The interesting thing about those futures bets is that when you select, say, Alabama, the sports book gets “everyone else”. Will Alabama defend its title? Possibly, but the football season has so many hurdles (LSU, Auburn, the SEC championship game, the BCS championship game, injuries, Nick Saban leaving mid-season for another job…) that “everyone else” is a pretty good bet. Most seasons, a team that loses one game is eliminated from contention for the national championship, so a team would have to go undefeated in order to win. In a 12-game season, even if a team is 90% likely to win each game, that corresponds to:

9/10 * 9/10 * 9/10…. probability of going undefeated. For 12 games, the calculation would be (9/10)^12 = <30% chance of going undefeated. And that's with a 90% chance of winning each game. Sure, Alabama will be favored against LSU, Auburn, and some of its other SEC opponents, but maybe it only has a 60% chance of winning those big games. That puts the undefeated odds down considerably (even with a returning Heisman winner). How can this help you on the GMAT? As we’ve talked about, the opposite of “Alabama wins the national championship” is “anyone else wins the national championship”, and that setup of complementary events (one and only one of those options will occur) allows you to tackle difficult problems with some insightful ease.

Here’s an example of a GMAT problem that might test this subject:

Alabama is undefeated with four games remaining, with two at home and two away. If it has a 75% chance of winning its home games and a 50% chance of winning its away games, what is the probability that Alabama loses at least one of its last four games?

This question could get quite involved, as “at least one” loss has many permutations:

Loses the first and wins the next three (which would correspond to 1/4 * 3/4 * 1/2 * 1/2)

Loses the first and the last and wins the middle two (1/4 * 3/4 * 1/2 * 1/2)

Wins the first three and loses the last (3/4 * 3/4 * 1/2 * 1/2)

Loses all four (1/4 * 1/4 * 1/2 * 1/2)

Etc.

Each of the above corresponds to one sequence via which Alabama would lose at least one game, and you could drive yourself crazy (particularly if you bleed Crimson) thinking of all the possible ways to lose at least one game.

However, you can also look at it this way (through Crimson colored glasses):

If Alabama does NOT lose “at least one game” that means that it wins them all.
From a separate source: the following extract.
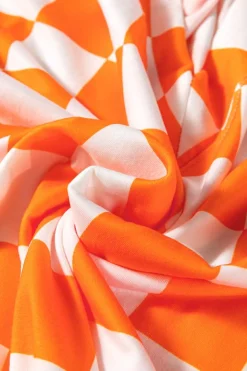 Discount Dear-Lover Checkerboard Print V Neck Loose Tee and Shorts Lounge Set Orange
And it’s easier (and more fun for Bama fans) to calculate the odds of winning them all:

There is only one sequence that works – Win-Win-Win-Win:

3/4 * 3/4 * 1/2 * 1/2 = 9/64 chance that Alabama wins the rest.

Because there’s a 100% chance that “something” happens, and we can divide that 100% into two comprehensive categories: “Alabama goes undefeated” or “Alabama loses at least one game”, then we can take 100% and subtract “undefeated” to get “loses at least one”:

1 – 9/64 = 55/64 probability that Alabama loses at least one of its last four games.

When you see questions that ask for the probability of “at least one” occurrence, the easiest way to calculate them is to calculate the probability of “no” occurrences and then subtract that from 100%. There are several sequences that could give you “at least one” (just the first, just the last, all of them, etc.) but only one that gives you “none” (all nones), so use that strategy to make quick, efficient work of probability questions on the GMAT.

What is your probability of missing at least one question on the math section of the GMAT? Well, it’s 1 – getting-them-all-right, and the odds of your getting them all right just went up after reading this post!